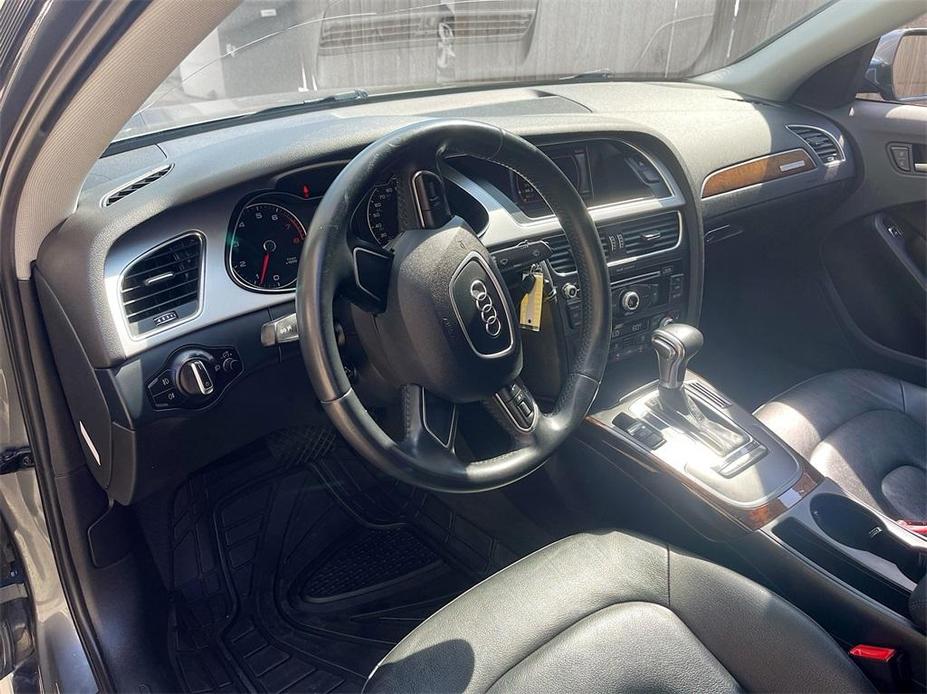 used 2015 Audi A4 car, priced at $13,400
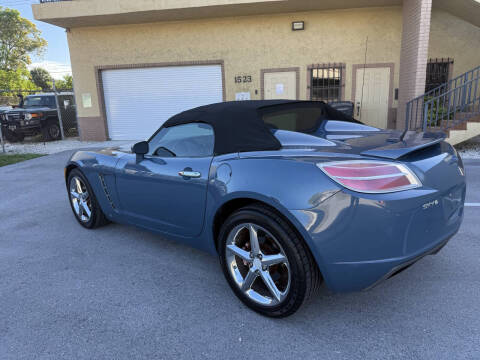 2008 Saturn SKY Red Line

--

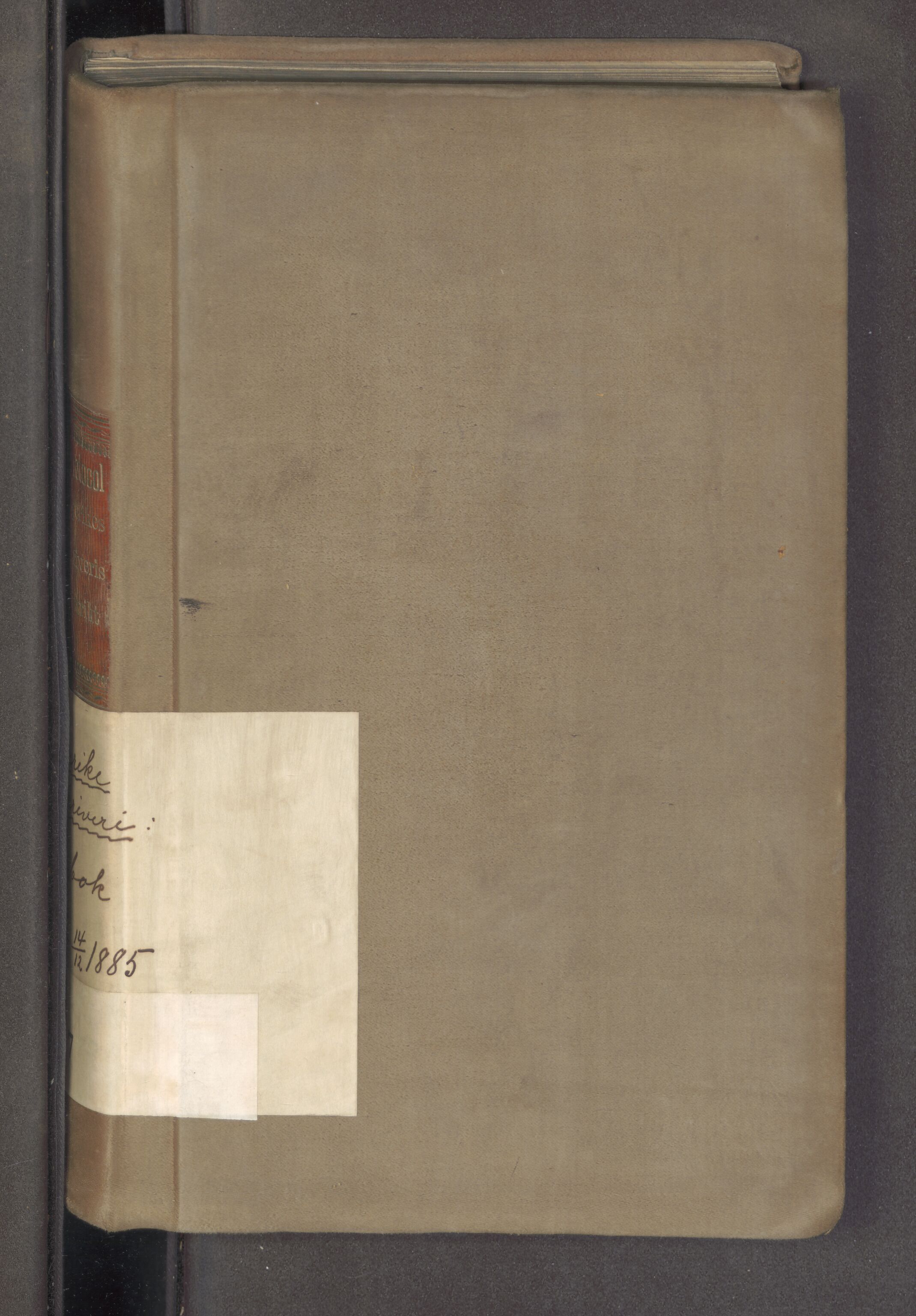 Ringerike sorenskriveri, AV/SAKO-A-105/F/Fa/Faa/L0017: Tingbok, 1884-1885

--

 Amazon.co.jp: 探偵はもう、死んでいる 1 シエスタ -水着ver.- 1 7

**WORK REQUEST**
Starting at the line containing "used 2015 Audi A4 car, priced at $13,400" and stopping at the line containing "2008 Saturn SKY Red Line", output every line above exactly, both ends included, with pictures omitted.

**SOLUTION TO THIS TASK**
 used 2015 Audi A4 car, priced at $13,400
 2008 Saturn SKY Red Line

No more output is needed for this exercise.